_ACTION ITEM_: What you should give back is a precise copy of the lines below from the one containing "Second Floor for House Plan #6422-00036" through the one containing "Bottines tricotées à", with no pictures.
SUPPLIED RECORDS Block Start
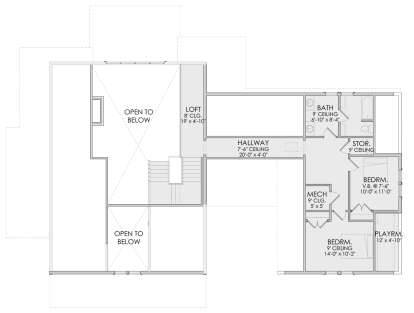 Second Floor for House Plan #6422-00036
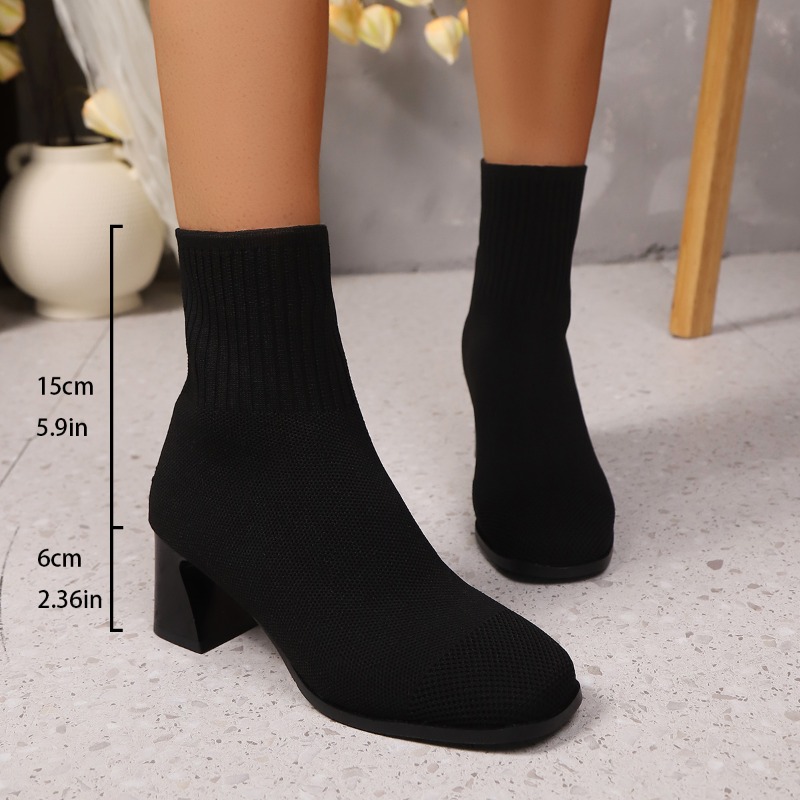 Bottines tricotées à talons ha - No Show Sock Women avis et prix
SUPPLIED RECORDS Block End
SUPPLIED RECORDS Block Start
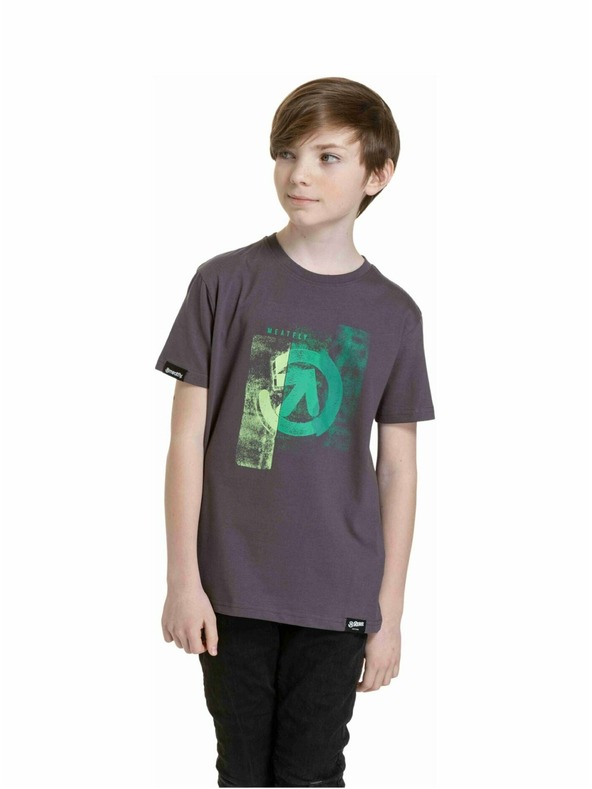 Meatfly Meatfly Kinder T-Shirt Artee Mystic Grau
SUPPLIED RECORDS Block End
_TASK RESULT_:
 Second Floor for House Plan #6422-00036
 Bottines tricotées à talons ha - No Show Sock Women avis et prix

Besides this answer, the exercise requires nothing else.